## WORK REQUEST
Please return only the lines from the one showing "A wide street" to the end of the entries, keeping both ends and dropping every picture.

[Caption-style text data]

───

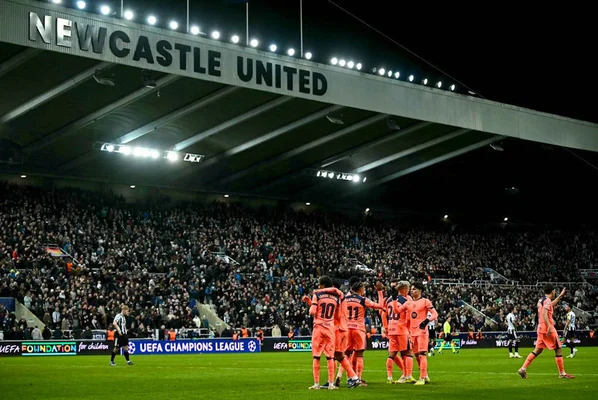 Célébration de joueurs en maillot rose sur la pelouse du stade de Newcastle, identifiable grâce à la signalétique UEFA Champions League.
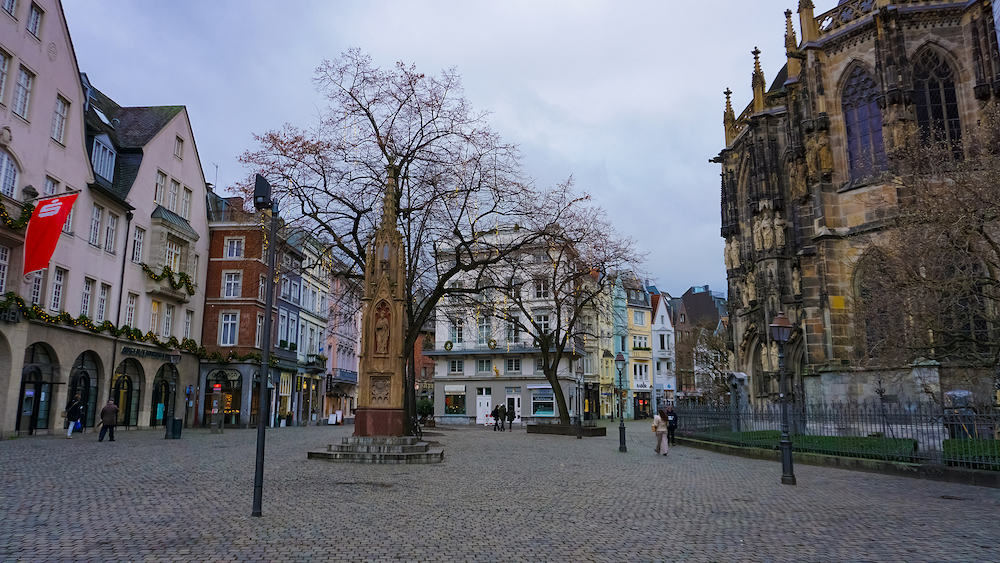 Aachen, Germany - People going at Rathausplatz in the old town at Aachen, Germany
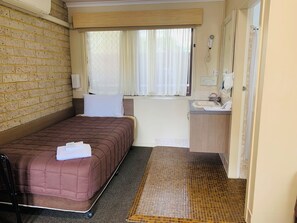 Una habitación de hotel pequeña y funcional con una cama individual, ventana con cortinas, lavamanos y espejo.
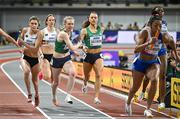 3 March 2024; Roisin Harrison of Ireland, third from left, takes the baton from team-mate Sophie Becker whilst competing in the women's 4x400m relay during day three of the World Indoor Athletics Championships 2024 at Emirates Arena in Glasgow, Scotland. Photo by Sam Barnes/Sportsfile
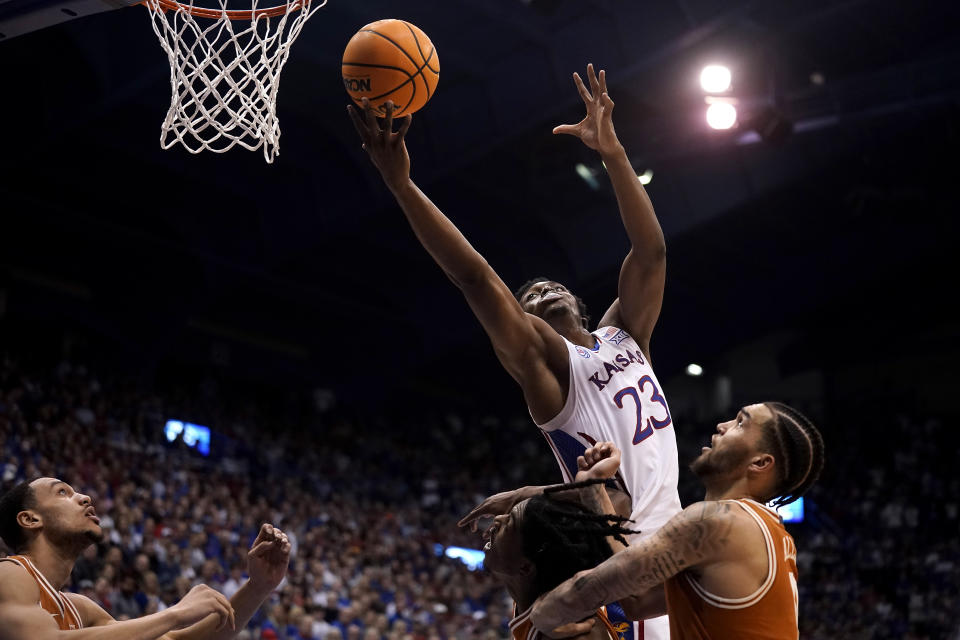 Kansas center Ernest Udeh Jr. (23) shoots during the first half of an NCAA college basketball game against Texas Monday, Feb. 6, 2023, in Lawrence, Kan. (AP Photo/Charlie Riedel)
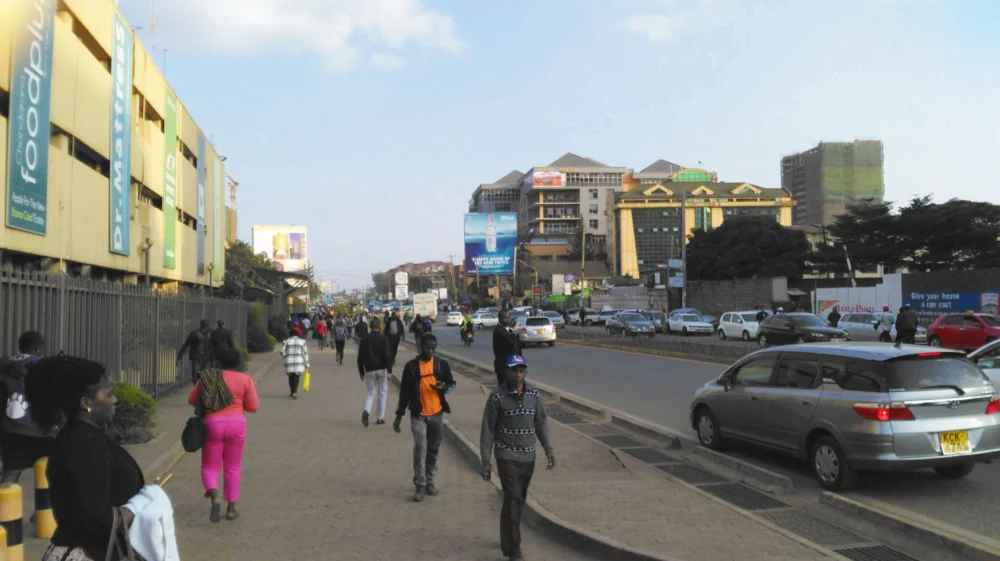 A wide street on a sunny day, with separate wide pavement for pedestrians, and traffic driving away from the camera.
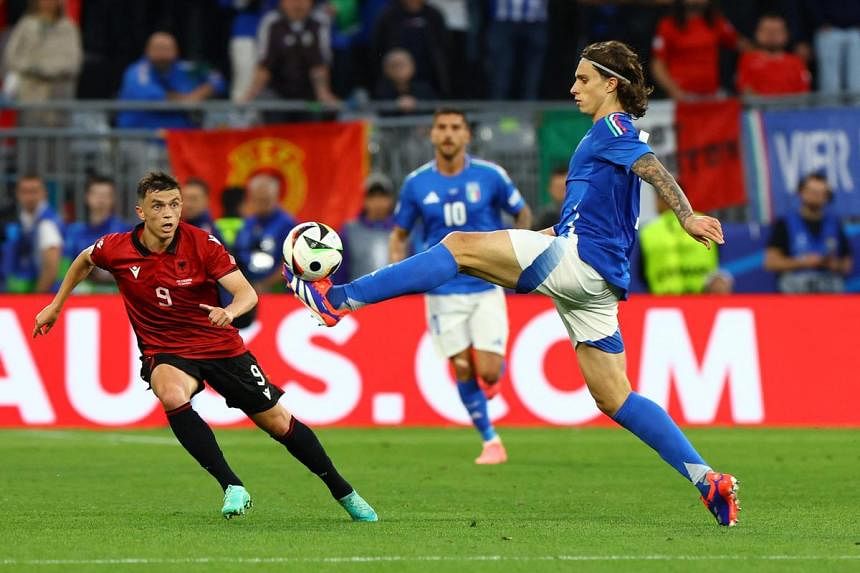 Italy recover from early shock to beat Albania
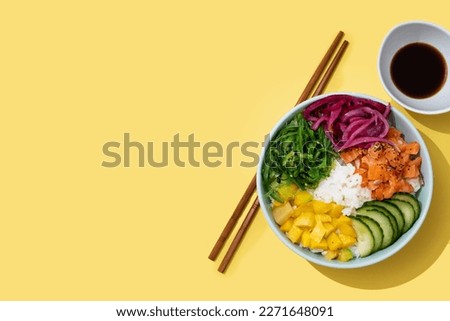Poke bowl with rice, salmon,cucumber,mango,onion,wakame salad, poppy seeds ands sunflowers seeds on yellow background. Top view. Copy space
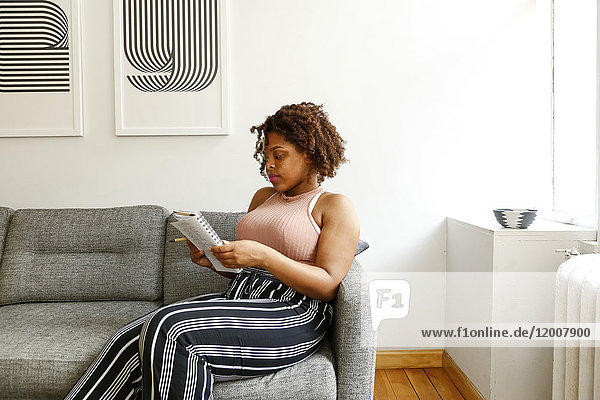 Gemischtrassige Frau liest auf dem Sofa in einem Notizbuch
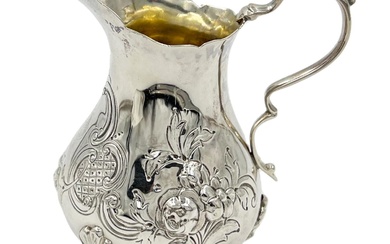 A VICTORIAN SILVER CREAM JUG WITH FLORAL DECORATION, LONDON,...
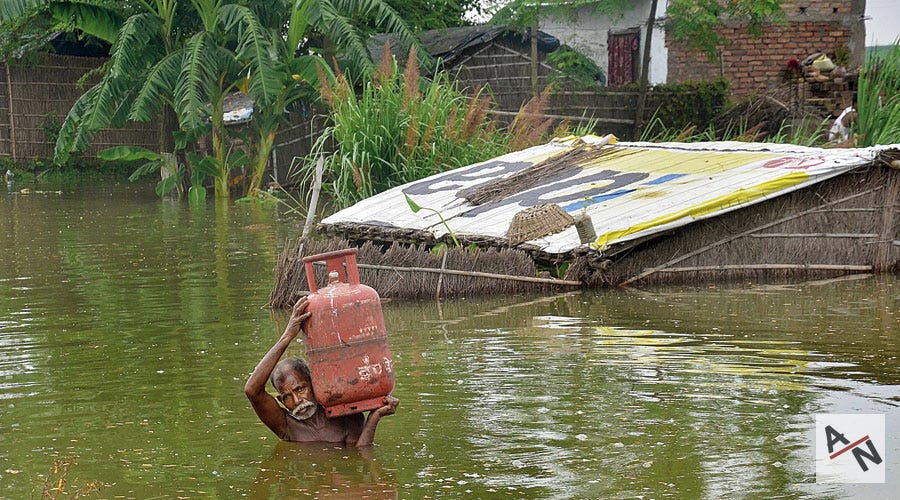 Carrying a gas cylinder, a resident wades through a flooded neighbourhood in Muzaffarpur district, Bihar on Sunday.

───

## WRITTEN SOLUTION
 A wide street on a sunny day, with separate wide pavement for pedestrians, and traffic driving away from the camera.
 Italy recover from early shock to beat Albania
Poke bowl with rice, salmon,cucumber,mango,onion,wakame salad, poppy seeds ands sunflowers seeds on yellow background. Top view. Copy space
 Gemischtrassige Frau liest auf dem Sofa in einem Notizbuch
 A VICTORIAN SILVER CREAM JUG WITH FLORAL DECORATION, LONDON,...
 Carrying a gas cylinder, a resident wades through a flooded neighbourhood in Muzaffarpur district, Bihar on Sunday.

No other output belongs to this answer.